>>>>
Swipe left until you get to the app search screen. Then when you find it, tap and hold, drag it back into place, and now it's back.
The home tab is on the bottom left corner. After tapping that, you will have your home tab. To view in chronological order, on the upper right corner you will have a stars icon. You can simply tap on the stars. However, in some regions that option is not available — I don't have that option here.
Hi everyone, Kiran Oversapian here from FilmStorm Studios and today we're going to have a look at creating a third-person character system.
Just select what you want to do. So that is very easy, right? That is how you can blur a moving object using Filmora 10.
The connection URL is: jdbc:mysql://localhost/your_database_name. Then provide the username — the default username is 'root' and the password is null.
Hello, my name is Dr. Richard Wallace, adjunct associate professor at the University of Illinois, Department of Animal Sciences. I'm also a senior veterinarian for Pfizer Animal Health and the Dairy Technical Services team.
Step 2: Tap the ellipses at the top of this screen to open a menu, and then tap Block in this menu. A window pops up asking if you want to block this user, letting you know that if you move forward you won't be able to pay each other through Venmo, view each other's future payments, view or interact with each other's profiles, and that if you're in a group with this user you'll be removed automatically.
<<<<
- **What you should do**
Return only the number of lines in the records above that include the string "screen".

- **Result of the exercise**
2